ASSIGNMENT:
Note how many lines in the material have "сладкие", and give only that figure.

DATA SHOWN:
━━━━━━━━

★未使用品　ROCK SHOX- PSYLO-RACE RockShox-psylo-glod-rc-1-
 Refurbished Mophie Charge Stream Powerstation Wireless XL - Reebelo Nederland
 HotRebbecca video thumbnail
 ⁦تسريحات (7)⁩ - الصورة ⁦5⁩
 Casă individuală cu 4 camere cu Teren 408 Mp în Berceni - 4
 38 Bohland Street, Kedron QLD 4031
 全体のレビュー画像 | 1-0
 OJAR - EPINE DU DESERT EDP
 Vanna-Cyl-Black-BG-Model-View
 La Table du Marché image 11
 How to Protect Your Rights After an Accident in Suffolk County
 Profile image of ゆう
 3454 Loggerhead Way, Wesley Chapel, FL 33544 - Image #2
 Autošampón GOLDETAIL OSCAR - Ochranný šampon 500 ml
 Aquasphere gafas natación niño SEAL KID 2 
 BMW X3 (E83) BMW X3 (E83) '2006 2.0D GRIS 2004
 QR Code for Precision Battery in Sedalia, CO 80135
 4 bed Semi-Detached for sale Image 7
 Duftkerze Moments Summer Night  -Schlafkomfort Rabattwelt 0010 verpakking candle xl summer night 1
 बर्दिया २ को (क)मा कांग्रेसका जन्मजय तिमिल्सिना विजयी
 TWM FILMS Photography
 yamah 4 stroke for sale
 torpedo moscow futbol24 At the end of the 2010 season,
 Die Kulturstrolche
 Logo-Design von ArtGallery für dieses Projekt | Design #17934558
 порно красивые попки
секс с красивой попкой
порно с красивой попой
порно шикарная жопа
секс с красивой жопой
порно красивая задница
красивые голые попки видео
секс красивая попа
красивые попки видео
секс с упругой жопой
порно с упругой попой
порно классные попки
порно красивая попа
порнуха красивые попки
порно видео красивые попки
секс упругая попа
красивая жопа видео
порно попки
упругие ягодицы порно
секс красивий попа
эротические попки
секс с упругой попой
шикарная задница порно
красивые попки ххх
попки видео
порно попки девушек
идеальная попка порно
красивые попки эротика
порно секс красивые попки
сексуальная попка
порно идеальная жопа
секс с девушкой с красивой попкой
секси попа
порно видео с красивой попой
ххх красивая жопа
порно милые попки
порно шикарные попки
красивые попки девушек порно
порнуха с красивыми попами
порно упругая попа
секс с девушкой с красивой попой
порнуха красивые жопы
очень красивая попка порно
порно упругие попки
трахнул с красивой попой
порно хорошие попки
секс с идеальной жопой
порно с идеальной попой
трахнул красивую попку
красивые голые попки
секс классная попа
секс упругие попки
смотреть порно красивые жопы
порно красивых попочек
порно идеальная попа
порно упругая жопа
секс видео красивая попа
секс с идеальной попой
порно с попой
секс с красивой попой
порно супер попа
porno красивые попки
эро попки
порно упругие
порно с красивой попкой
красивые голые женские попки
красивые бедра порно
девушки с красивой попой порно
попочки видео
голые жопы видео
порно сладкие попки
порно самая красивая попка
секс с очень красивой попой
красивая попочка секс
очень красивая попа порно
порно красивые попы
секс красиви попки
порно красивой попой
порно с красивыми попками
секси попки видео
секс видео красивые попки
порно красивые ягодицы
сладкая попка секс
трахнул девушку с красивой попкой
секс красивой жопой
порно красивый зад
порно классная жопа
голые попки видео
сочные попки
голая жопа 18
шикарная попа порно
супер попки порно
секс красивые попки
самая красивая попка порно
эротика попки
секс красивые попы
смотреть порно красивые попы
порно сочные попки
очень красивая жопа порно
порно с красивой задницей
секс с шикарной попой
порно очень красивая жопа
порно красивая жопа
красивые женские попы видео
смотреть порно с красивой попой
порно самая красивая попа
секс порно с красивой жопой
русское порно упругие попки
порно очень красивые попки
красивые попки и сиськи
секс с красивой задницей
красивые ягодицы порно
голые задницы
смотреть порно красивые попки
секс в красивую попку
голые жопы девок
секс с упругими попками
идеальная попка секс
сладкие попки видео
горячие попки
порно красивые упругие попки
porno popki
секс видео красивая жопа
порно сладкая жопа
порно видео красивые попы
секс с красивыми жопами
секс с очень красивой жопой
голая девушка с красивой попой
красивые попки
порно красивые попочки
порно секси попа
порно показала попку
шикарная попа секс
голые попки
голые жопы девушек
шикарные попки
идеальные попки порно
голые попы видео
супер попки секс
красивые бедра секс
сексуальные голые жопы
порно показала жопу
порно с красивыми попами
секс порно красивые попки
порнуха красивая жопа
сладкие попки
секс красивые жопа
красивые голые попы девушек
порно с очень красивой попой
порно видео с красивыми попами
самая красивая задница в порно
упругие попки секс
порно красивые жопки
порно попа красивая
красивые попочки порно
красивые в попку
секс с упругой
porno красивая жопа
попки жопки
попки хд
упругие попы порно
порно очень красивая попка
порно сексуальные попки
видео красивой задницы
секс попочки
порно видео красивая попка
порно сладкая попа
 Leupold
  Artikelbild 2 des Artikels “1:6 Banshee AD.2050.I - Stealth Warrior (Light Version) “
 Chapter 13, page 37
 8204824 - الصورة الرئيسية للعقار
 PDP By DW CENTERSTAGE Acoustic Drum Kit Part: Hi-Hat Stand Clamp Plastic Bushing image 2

━━━━━━━━

SOLVED PROBLEM:
3